The thing is, the test script wants to run as "you" most of the time, so
it can call Exim "as an ordinary user". Not even as the exim user. It
just needs root now and again to set things up and to do things like
remove the hints files. For that reason, sudo seemed the best solution
to me, but maybe that's because I am used to using it all the time.

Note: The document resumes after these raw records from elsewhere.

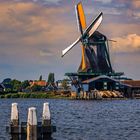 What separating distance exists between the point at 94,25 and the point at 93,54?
24.2 ft

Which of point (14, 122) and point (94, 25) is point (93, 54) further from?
point (14, 122)

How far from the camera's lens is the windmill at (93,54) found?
137 metres

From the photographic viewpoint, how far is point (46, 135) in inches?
1334

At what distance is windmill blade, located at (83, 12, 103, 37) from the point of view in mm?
137875

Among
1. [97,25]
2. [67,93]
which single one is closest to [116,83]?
[97,25]

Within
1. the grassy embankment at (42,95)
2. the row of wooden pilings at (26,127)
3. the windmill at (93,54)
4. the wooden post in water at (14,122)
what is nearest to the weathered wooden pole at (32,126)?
the row of wooden pilings at (26,127)

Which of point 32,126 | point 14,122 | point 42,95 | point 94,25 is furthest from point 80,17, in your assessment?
point 32,126

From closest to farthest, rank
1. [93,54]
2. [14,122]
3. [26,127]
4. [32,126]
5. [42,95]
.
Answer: [32,126] < [26,127] < [14,122] < [93,54] < [42,95]

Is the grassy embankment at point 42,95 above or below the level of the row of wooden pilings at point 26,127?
above

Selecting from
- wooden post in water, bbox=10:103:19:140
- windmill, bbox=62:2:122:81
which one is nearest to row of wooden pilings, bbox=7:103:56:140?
wooden post in water, bbox=10:103:19:140

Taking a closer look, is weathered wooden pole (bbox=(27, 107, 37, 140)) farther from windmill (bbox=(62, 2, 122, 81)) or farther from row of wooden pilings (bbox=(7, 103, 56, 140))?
windmill (bbox=(62, 2, 122, 81))

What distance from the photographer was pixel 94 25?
456ft

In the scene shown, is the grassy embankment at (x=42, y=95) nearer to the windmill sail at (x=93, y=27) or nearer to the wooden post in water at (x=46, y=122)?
the windmill sail at (x=93, y=27)

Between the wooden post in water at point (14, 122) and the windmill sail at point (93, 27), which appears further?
the windmill sail at point (93, 27) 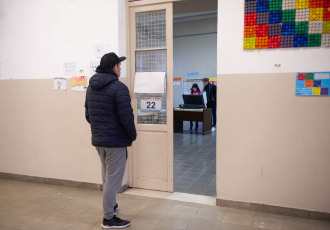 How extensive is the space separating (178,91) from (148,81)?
658cm

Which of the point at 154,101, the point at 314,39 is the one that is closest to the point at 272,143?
the point at 314,39

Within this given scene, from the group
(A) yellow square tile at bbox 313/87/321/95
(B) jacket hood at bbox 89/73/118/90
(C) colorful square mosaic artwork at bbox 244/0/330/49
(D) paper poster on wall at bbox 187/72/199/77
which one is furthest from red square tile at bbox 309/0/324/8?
(D) paper poster on wall at bbox 187/72/199/77

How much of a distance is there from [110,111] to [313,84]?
1.83m

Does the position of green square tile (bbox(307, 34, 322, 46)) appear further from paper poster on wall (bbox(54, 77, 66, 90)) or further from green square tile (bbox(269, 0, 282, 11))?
paper poster on wall (bbox(54, 77, 66, 90))

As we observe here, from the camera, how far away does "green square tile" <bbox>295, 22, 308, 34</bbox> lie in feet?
8.60

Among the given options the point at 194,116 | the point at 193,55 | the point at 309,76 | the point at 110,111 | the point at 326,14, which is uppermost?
the point at 193,55

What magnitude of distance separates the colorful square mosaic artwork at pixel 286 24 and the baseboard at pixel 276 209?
1.55 metres

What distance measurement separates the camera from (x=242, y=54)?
2816 millimetres

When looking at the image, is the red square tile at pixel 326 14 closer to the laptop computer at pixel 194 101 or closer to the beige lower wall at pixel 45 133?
the beige lower wall at pixel 45 133

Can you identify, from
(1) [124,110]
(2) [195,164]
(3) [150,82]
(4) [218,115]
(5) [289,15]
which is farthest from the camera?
(2) [195,164]

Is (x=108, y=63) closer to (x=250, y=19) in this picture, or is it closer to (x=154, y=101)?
(x=154, y=101)

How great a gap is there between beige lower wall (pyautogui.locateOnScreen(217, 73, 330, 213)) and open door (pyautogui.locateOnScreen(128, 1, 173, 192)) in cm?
67

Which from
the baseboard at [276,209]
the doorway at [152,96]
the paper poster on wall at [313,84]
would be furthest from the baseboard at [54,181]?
the paper poster on wall at [313,84]

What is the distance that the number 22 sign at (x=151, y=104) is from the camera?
3.38 metres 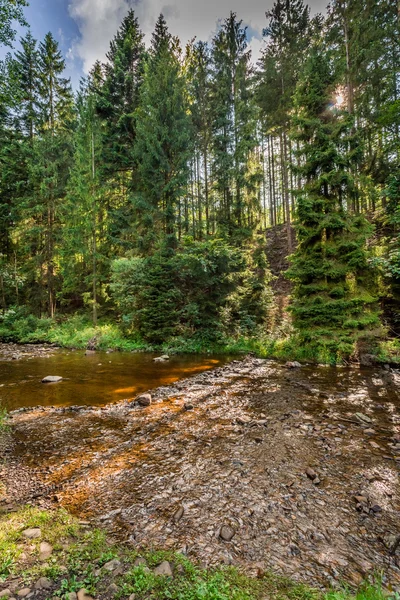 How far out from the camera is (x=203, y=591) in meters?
1.84

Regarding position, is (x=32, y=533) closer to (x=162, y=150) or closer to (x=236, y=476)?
(x=236, y=476)

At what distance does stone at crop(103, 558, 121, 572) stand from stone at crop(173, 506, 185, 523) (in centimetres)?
69

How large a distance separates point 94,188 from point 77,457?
693 inches

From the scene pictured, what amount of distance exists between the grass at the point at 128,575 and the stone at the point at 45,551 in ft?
0.10

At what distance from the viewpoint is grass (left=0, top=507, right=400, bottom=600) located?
1887mm

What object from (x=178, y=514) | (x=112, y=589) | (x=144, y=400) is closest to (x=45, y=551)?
(x=112, y=589)

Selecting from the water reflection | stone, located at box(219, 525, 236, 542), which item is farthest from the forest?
stone, located at box(219, 525, 236, 542)

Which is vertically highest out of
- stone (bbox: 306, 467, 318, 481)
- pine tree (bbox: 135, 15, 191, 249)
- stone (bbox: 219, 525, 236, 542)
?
pine tree (bbox: 135, 15, 191, 249)

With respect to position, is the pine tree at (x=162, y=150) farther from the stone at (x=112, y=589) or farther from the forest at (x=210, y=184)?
the stone at (x=112, y=589)

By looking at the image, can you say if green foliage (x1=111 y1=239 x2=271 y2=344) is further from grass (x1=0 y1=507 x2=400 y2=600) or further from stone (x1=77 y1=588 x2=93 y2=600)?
stone (x1=77 y1=588 x2=93 y2=600)

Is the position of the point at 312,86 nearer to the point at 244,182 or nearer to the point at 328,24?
the point at 244,182

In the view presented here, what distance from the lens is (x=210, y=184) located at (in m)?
19.8

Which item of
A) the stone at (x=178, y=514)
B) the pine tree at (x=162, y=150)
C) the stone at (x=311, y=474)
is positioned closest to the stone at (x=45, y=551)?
the stone at (x=178, y=514)

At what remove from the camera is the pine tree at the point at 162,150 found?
15.0 meters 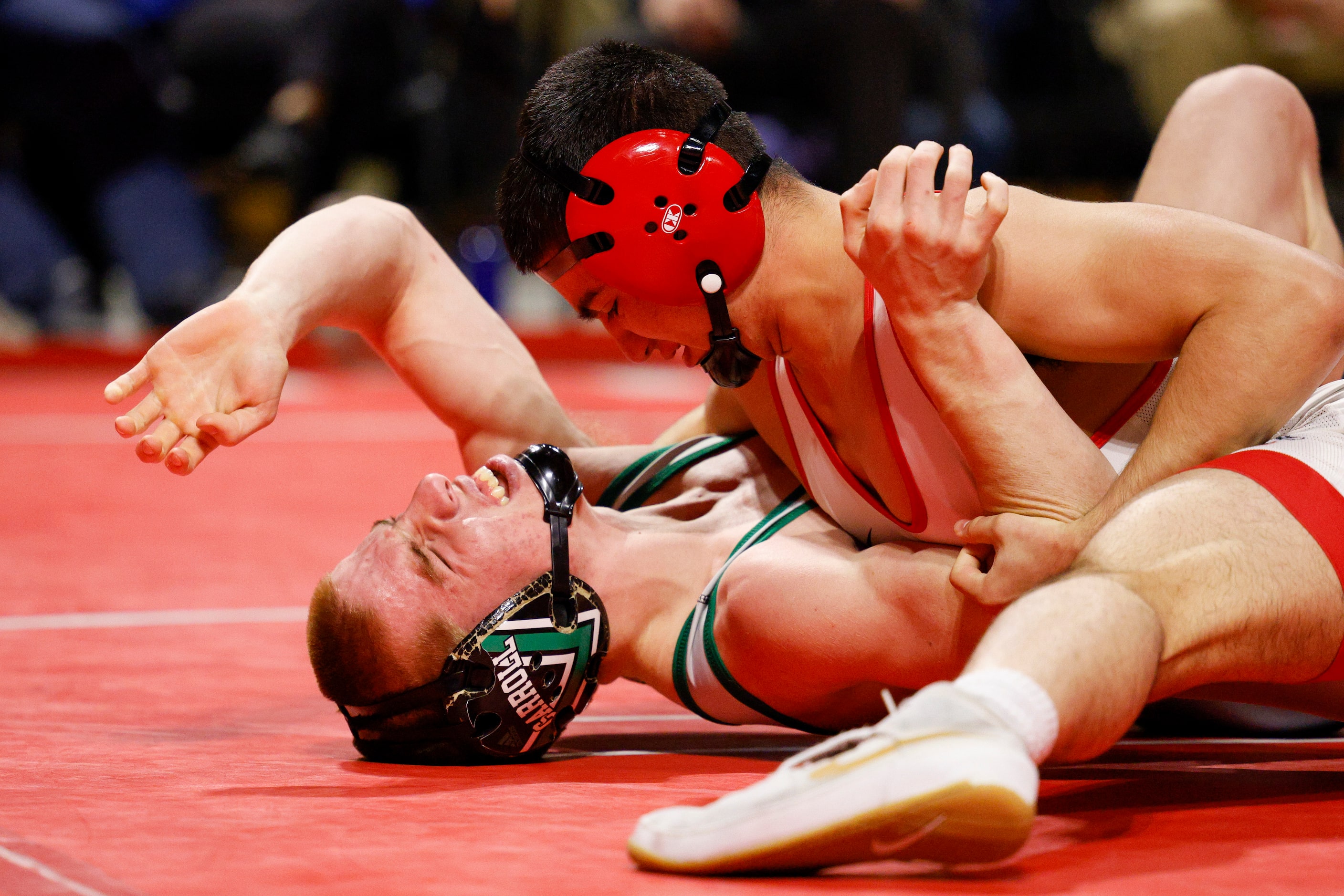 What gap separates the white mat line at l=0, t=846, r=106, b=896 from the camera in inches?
67.1

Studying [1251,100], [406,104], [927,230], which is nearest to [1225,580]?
[927,230]

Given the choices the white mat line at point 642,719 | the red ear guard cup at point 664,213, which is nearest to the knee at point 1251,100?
the red ear guard cup at point 664,213

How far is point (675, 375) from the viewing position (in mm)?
9672

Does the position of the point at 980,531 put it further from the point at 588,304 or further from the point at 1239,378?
the point at 588,304

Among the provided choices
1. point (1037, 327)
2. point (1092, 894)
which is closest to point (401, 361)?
point (1037, 327)

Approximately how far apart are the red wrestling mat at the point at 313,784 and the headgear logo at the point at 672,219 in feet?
2.67

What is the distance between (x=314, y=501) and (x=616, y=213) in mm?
3022

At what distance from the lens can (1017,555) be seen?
2203 millimetres

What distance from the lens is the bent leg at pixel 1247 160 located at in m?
3.38

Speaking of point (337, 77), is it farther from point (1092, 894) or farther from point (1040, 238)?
point (1092, 894)

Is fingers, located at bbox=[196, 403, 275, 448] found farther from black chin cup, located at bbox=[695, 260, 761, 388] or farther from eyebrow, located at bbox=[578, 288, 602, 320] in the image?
black chin cup, located at bbox=[695, 260, 761, 388]

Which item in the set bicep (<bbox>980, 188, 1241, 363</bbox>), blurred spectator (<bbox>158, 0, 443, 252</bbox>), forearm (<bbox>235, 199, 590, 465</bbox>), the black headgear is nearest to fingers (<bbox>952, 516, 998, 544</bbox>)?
bicep (<bbox>980, 188, 1241, 363</bbox>)

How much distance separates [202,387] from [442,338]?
87 centimetres

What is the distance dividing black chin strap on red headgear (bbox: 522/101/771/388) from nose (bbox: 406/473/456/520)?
44 centimetres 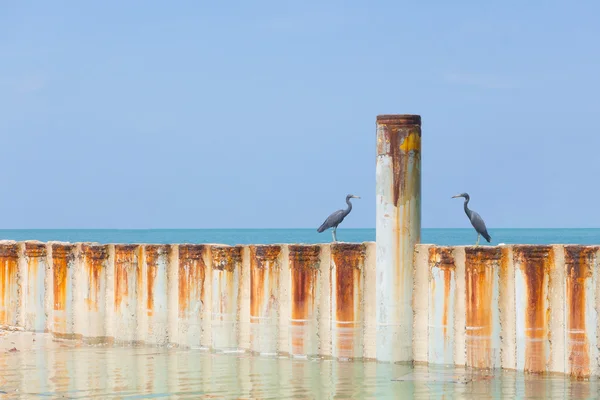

The other problems look, at first glance, like things I should be able
to solve.
> Basic/0005 failes:
> | ** Subtest 4 (starting at line 36)
> | ** Return code 1 (expected 0)
>
> Stderr prints two loglines, with message:
> | re-exec of exim (/home/tiefnig/exim/exim-testsuite-0.00/eximdir/exim)\
> | with -Mc failed: Permission denied
>
> | $ ls -l /home/tiefnig/exim/exim-testsuite-0.00/eximdir/
> | total 0
>
> Hmmm.
It's empty because the script has removed the "dangerous" patched
version of Exim as it finishes. The problem is the same as one you had
earlier; the fact that your home directory isn't accessible. I think the
best solution to this is to add something to the requirements
documentation.
I'll post again when I have a new set of stuff to test.
Thanks,
Philip
--
Philip Hazel University of Cambridge Computing Service,
ph10@??? Cambridge, England. Phone: +44 1223 334714.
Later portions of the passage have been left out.